Background: UNAIDS guidelines require that participants in HIV prevention trials are provided with “state-of-the-art” risk reduction measures. Published data showing that new HIV prevention strategies are highly, but not completely, effective problematize “standard of prevention” packages that provide access to condoms and counseling only. This qualitative study asks how principal investigators on HIV prevention studies determine appropriate standards of prevention.
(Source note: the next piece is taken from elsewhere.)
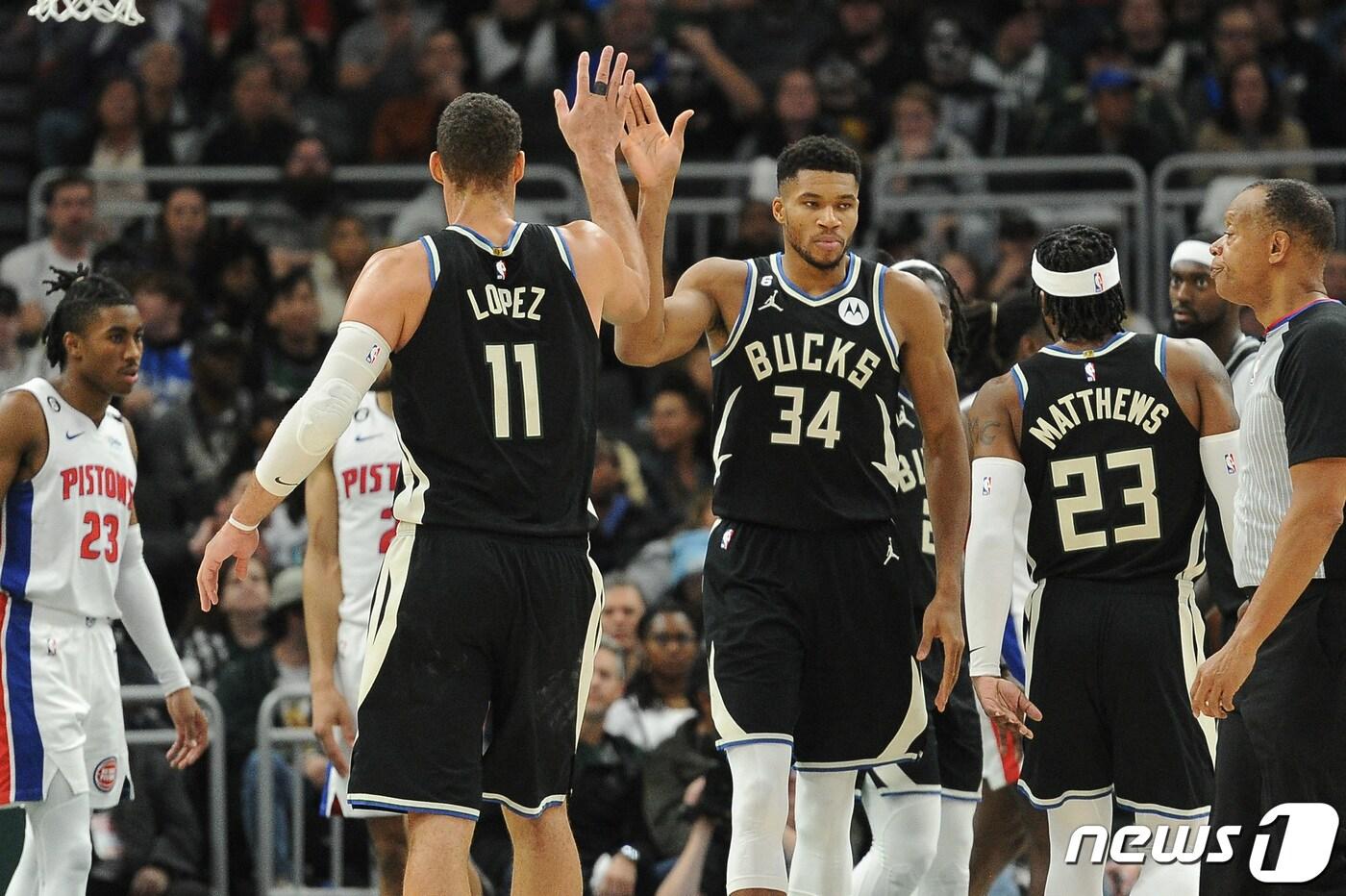 밀워키 벅스가 1일(한국시간) 디트로이트 피스턴스를 제압하고 개막 후 6연승을 질주했다. ⓒ 로이터=뉴스1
It builds on previous work mapping standards of care in HIV prevention trials by investigating how decisions were arrived at, in addition to reporting what was decided. Methods: Semistructured interviews were conducted with 14 principal investigators of biomedical HIV prevention trials. Interviews were transcribed, coded, and analyzed thematically using predetermined categories derived from the ethics literature and spontaneous coding. Results: A spectrum of views was given by informants as to how standard of prevention should be determined, ranging from an ethical requirement to include newly validated technologies as soon as feasible, to a perceived need to reduce the prevention package to make it more like real life, thus enabling subsequent trials to test interventions against basic prevention packages. Each informant argued her position with reference to keeping the size and cost of studies reasonable, the need for conclusive data on the effectiveness of preventive interventions, perceived duties to trial participants, and regulatory requirements. Some saw reconsent as the critical issue in ongoing trials when relevant data from other studies were released. Conclusions: There was no ethical consensus about the standard of prevention among principal investigators. Rational arguments were made to support disparate positions. These results suggest a need to examine and articulate the ways that the narrow aims and obligations of a research study sit within the broader context of disease burden and inequitable access to health care in the resource-poor world in order to address how future research should proceed.